Now if I don't say so myself, thats quite the mix of potential careers.  I have the marks for all three, and i'm in pretty decent shape (although I could probably do with some more work).  I'm just not 100% sure on any of those... ah life, gotta love it.


----------



## Born2Fly (17 Aug 2004)

Have you considered the MOTP (Medical Officer Training Plan)?


That way, technically, you could go to Med School AND join the Navy.


----------



## Ex-Dragoon (17 Aug 2004)

> This is the Navy. That's Naval Cadet to you.



Was referring to him contemplating becoming an officer not his actual rank.

Sheerin...Born2Fly has a good point in looking at going MOTP bare in mind though the only doctors we have going to see are on the AORs and down the road the JSS. Onboard CPFs you just have Med-As and PAs.


----------



## Born2Fly (17 Aug 2004)

> Was referring to him contemplating becoming an officer not his actual rank.



I know, it's just I spent a lot of time on an army base, and no one on the base had a clue what my rank was. I got "Private", "Corporal", "Seaman", "Navy guy", "Sorry, I don't know your rank". I was always used to correcting them.

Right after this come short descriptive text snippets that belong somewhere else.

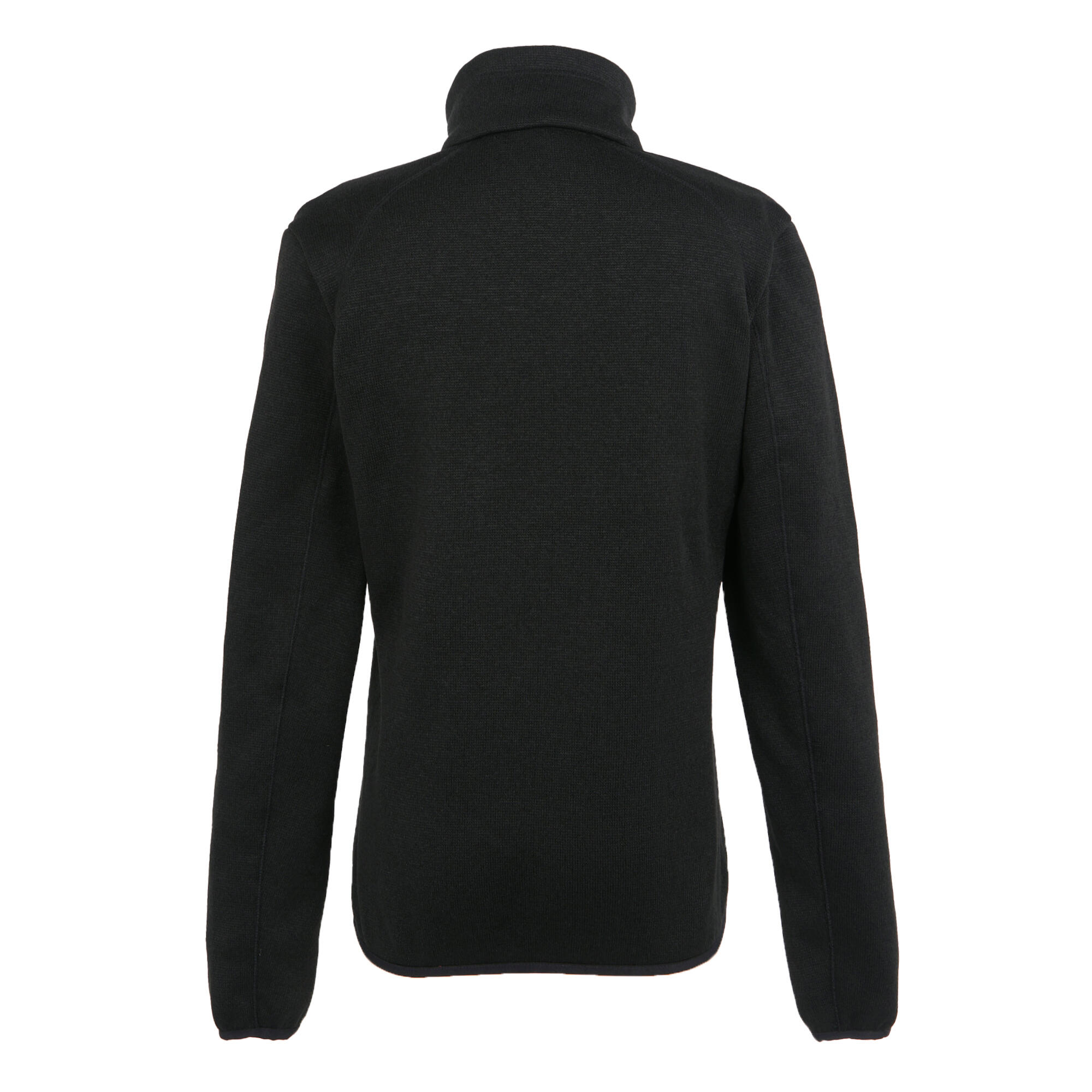 Veste Polaire NEWHILL Femme (Noir / Taupe) 2/5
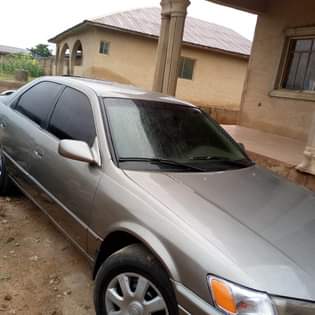 A picture of Toyota Camry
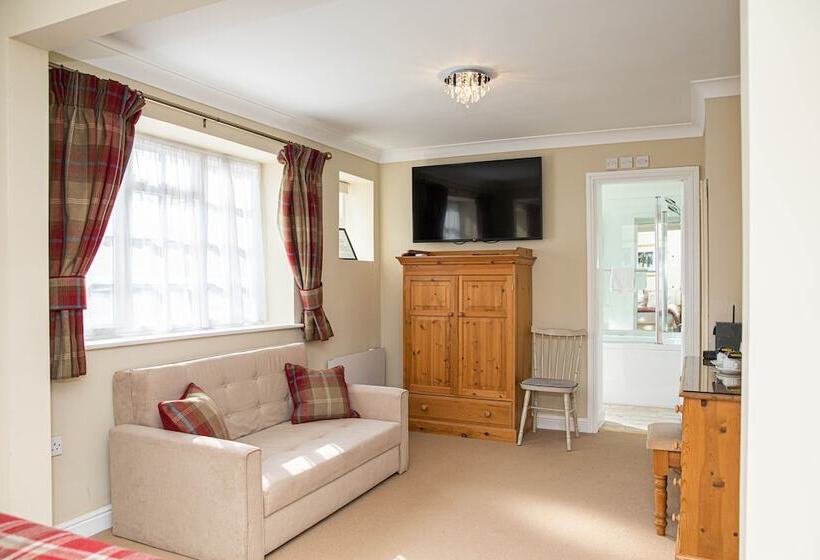 Четырехместный номер Премиум, The Bay Horse Inn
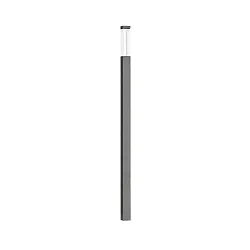 LED Lichtstele Typ Nr. 0868, 180°, asymmetrisch, 1x LED 26,7W, 3000lm, 3000K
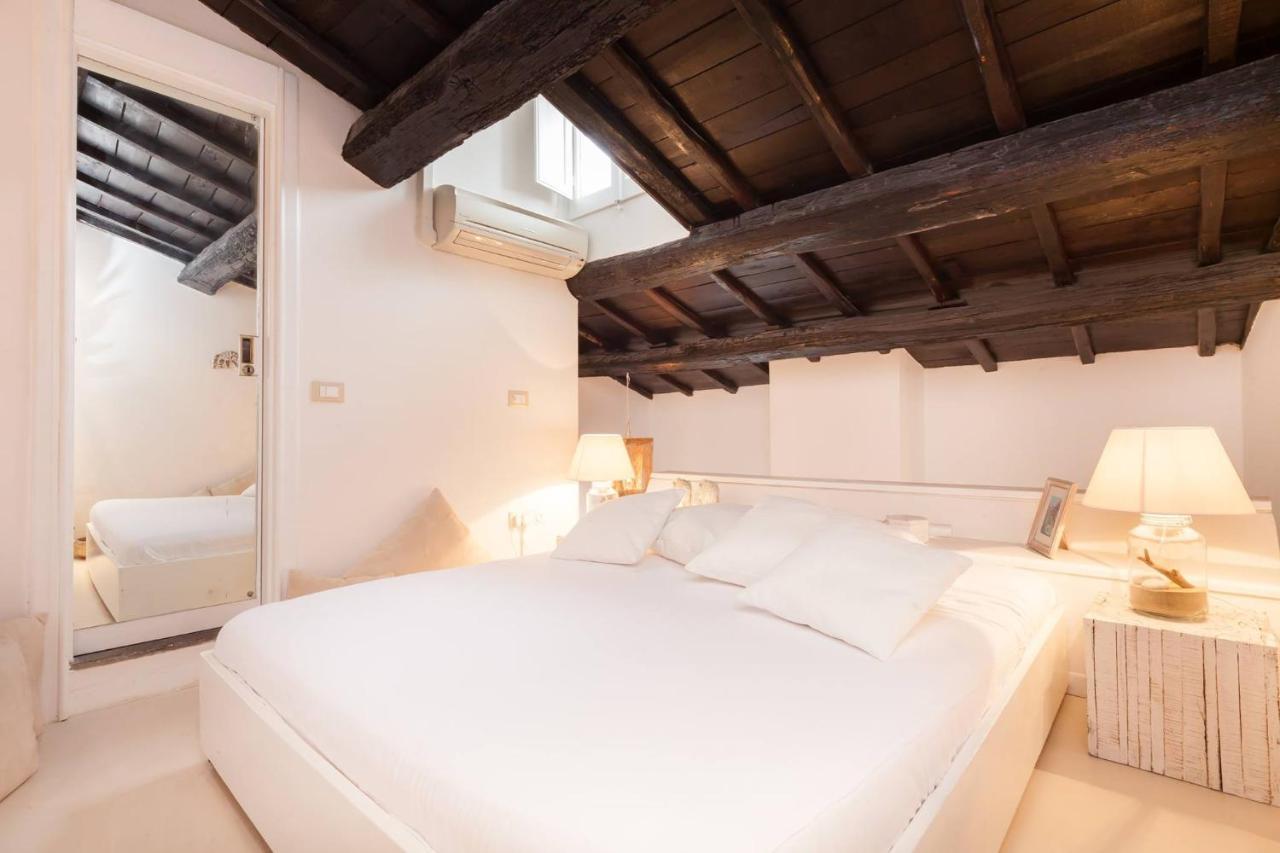 Navona Penthouse Apartment Rome Exterior photo
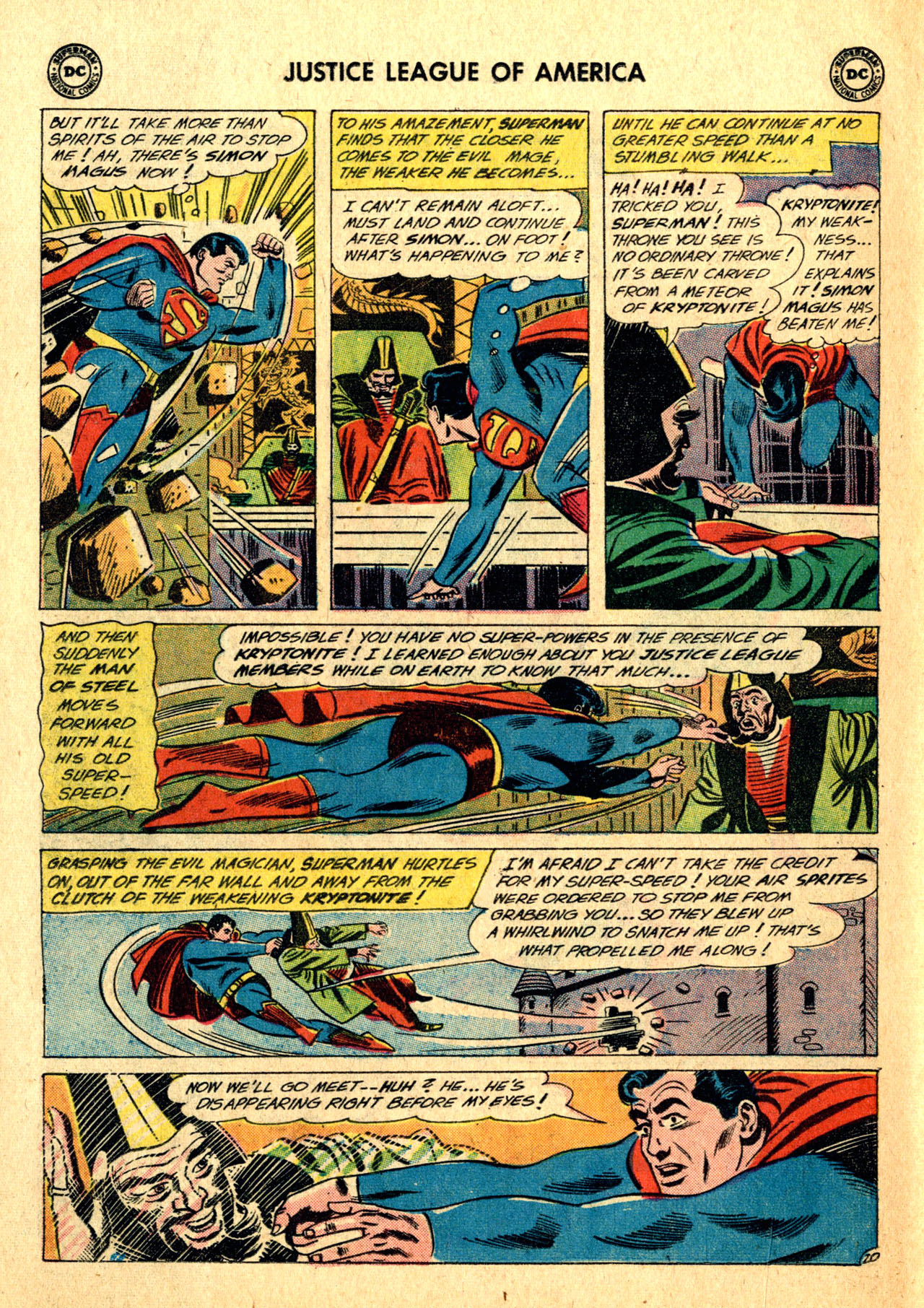 Justice League of America (1960) 2 Page 25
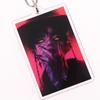 Kpop Demon Hunters Huntrix Saja Boys Keychains For Accessories Jewelry Rumi Zoey Jinu Mira Sold My Soul Keyrings Fans Gifts
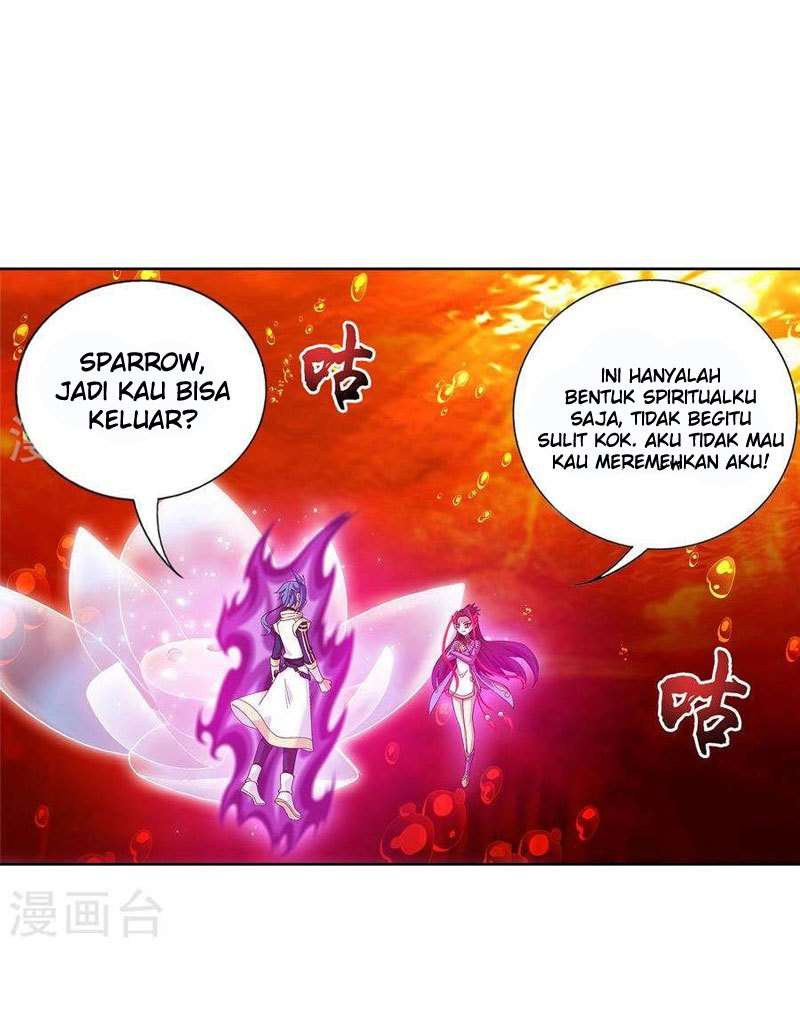 The Great Ruler Chapter 104 - halaman 20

> though the only doctors we have going to see are on the AORs and down the road the JSS



Which is very true, and even then I'm sure those will be a hard posting to get. He can still wear a Naval Uniform if he wants, and hopefully serve on a Naval base, but actual time spent on ship will be very, very limited.


----------



## Sheerin (18 Aug 2004)

Well, the funny thing with the Med School option is, that for the better part of 10 years all I've wanted was to become an MD, however, roughly 9 months or so ago the blinders came off and I realised I had a million-and-one options.  I'm not sure what I'll be doing once I finish my degree, as I mentioned before, I have the marks for everything listed above, as well as many other things.  I may very well end up going to med school but I think I owe to myself as well as everyone else there who wants to be a doctor to only go for it if I'm 100% sure.  I can't think of many things worse (in the world of academia) than someone getting into a tough programme and then dropping out a short time later.  It wastes their time, the instructors time, and takes away a spot from someone else.  

I have a lot of thinking ahead of me.  

Now with that being said, if/when I go to med school I'm fairly certain I'll, at the very least, consider MOTP.  About the only draw back I can think of is the limited number of specialities that the CF offers.

Although, I could always do the MARS thing for a few years then go to med school, say in 8 years or so?  Thats always an option. 
Thanks for your input guys, and please, feel free to keep it coming.  Its good to hear from people who know stuff about things.  
And on that note, please forgive any spelling or grammatical errors, but you know how it is


----------



## Born2Fly (18 Aug 2004)

Just a quick note on your reply above... When you have your interview with your PSO (Personnel Selection Officer... One of the guys who makes decisions about you), and you even breathe the word "Med School", I'm pretty sure he'll jump all over that, and talk to you about MOTP.

The advice on that is, make sure you are getting what you want from the CF. Don't let them put you into a job you don't want. If you want MARS, then you ask for MARS... Med School or not. I kinda got talked into a trade my first time around in the military, and while that had both good and bad results, I wouldn't recommend it.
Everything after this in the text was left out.